WHAT YOU SHOULD DO =
Write out every record exactly as it appears. Skip the pictures.

++++ EXCERPTED RECORDS ++++

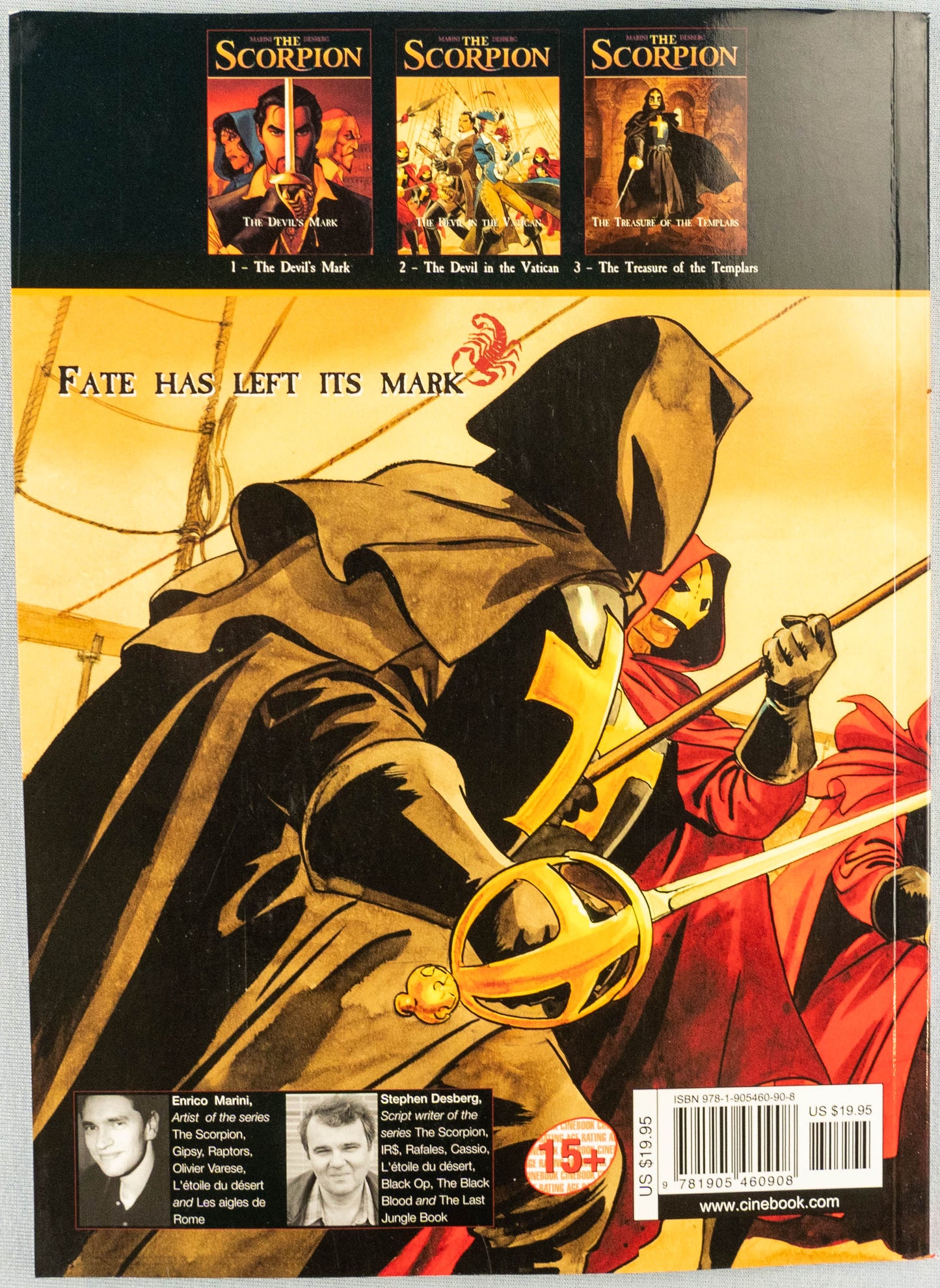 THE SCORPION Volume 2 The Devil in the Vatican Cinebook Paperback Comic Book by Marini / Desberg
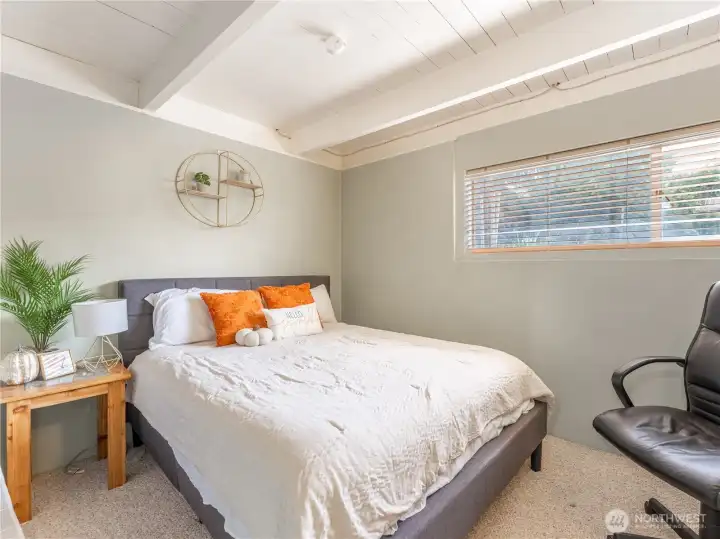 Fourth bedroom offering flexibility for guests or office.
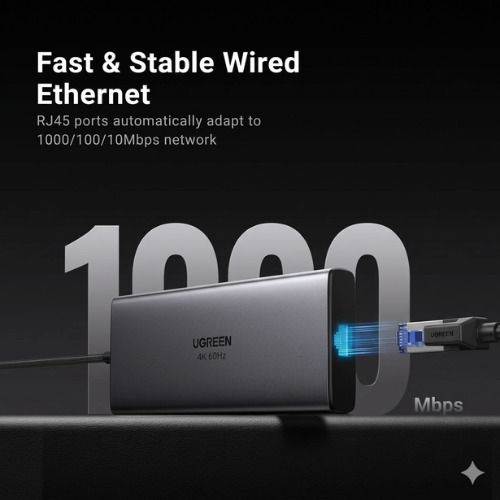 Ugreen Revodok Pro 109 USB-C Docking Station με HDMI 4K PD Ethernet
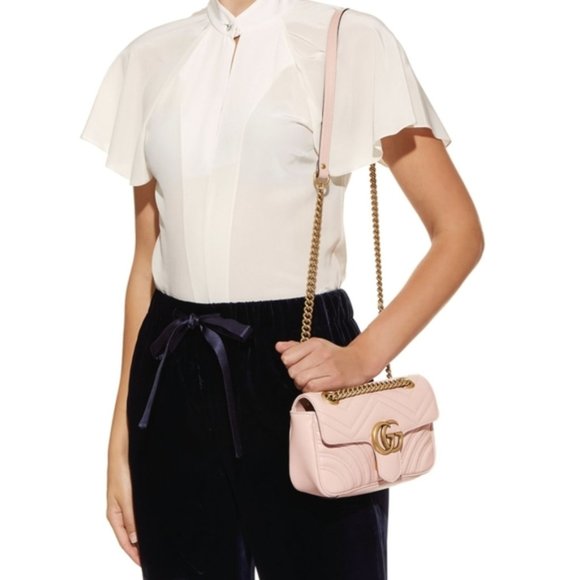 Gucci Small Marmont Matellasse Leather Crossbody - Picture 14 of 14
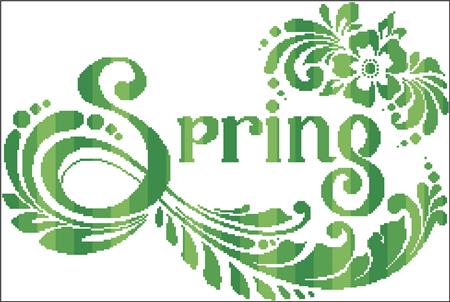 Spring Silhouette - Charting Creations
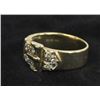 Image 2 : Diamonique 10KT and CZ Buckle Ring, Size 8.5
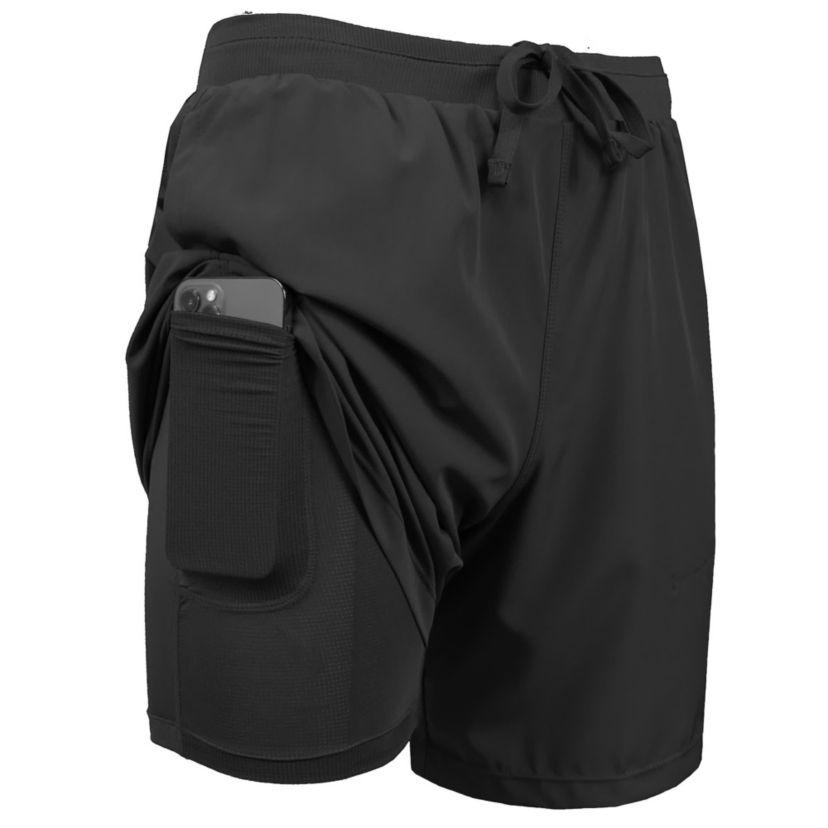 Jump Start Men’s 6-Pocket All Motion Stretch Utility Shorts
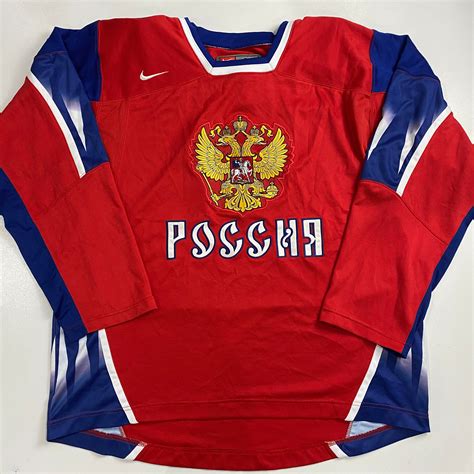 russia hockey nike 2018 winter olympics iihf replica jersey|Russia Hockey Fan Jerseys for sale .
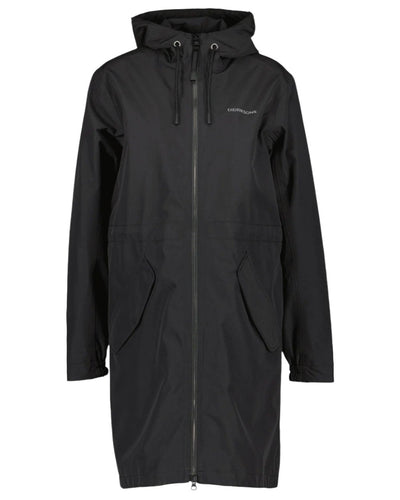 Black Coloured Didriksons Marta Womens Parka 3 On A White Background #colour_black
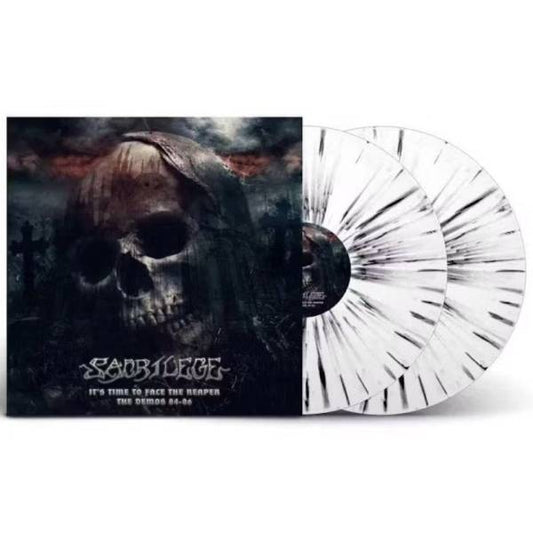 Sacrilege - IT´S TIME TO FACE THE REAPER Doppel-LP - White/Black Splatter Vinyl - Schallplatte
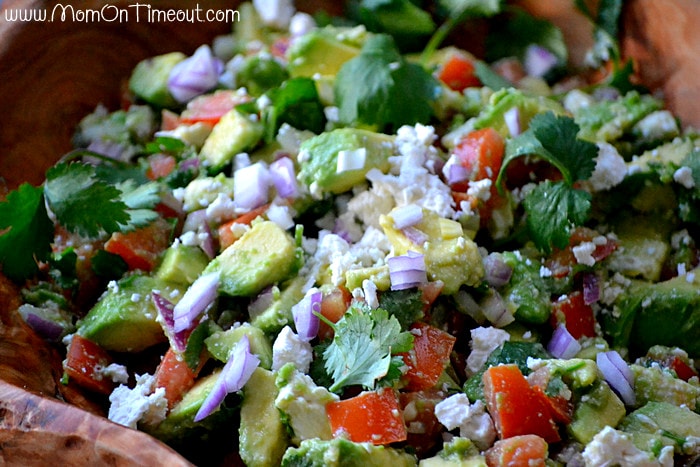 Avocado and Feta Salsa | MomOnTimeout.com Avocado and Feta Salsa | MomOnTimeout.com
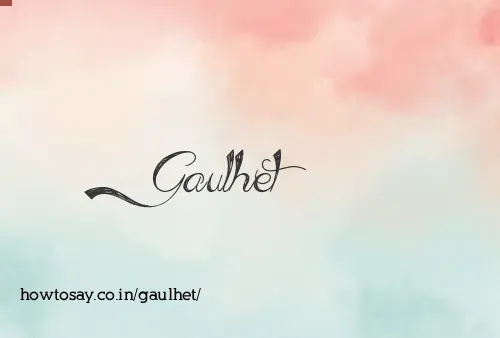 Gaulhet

++++

TASK RESPONSE =
 THE SCORPION Volume 2 The Devil in the Vatican Cinebook Paperback Comic Book by Marini / Desberg
 Fourth bedroom offering flexibility for guests or office.
 Ugreen Revodok Pro 109 USB-C Docking Station με HDMI 4K PD Ethernet
 Gucci Small Marmont Matellasse Leather Crossbody - Picture 14 of 14
 Spring Silhouette - Charting Creations
 Image 2 : Diamonique 10KT and CZ Buckle Ring, Size 8.5
 Jump Start Men’s 6-Pocket All Motion Stretch Utility Shorts
 russia hockey nike 2018 winter olympics iihf replica jersey|Russia Hockey Fan Jerseys for sale .
 Black Coloured Didriksons Marta Womens Parka 3 On A White Background #colour_black
 Sacrilege - IT´S TIME TO FACE THE REAPER Doppel-LP - White/Black Splatter Vinyl - Schallplatte
 Avocado and Feta Salsa | MomOnTimeout.com Avocado and Feta Salsa | MomOnTimeout.com
 Gaulhet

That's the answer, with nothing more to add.